(Crawled caption data)
--- START ---

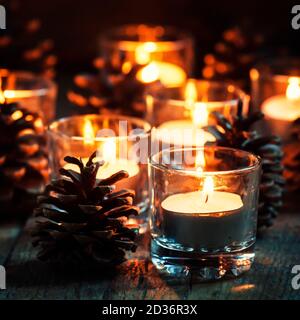 Composition de Noël ou du nouvel an avec bougies allumées en petits chandeliers en verre et cônes de pin, fond en bois vintage, soirée festive, selecti Banque D'Images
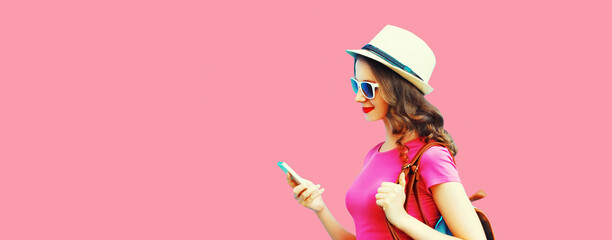 Portrait of happy smiling young woman tourist or student with smartphone wearing summer straw hat,...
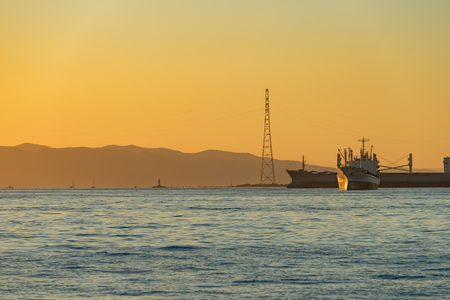 Vladivostok, Russia-September 16, 2018: Seascape with ships at sunset.の写真素材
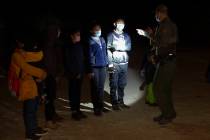 FILE - In this March 28, 2021 file photo Migrants from Guatemala and Honduras are questioned by ...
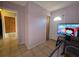 Entryway with tiled floors leading to a hallway and front door at 911 Oak Dr, Leesburg, FL 34748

--- END ---

■ **Your objective**
Please give a word-for-word transcript of the lines from the one holding "FILE - In this" through the final line of the entries, both ends kept, with no pictures.

■ **Expected answer**
 FILE - In this March 28, 2021 file photo Migrants from Guatemala and Honduras are questioned by ...
 Entryway with tiled floors leading to a hallway and front door at 911 Oak Dr, Leesburg, FL 34748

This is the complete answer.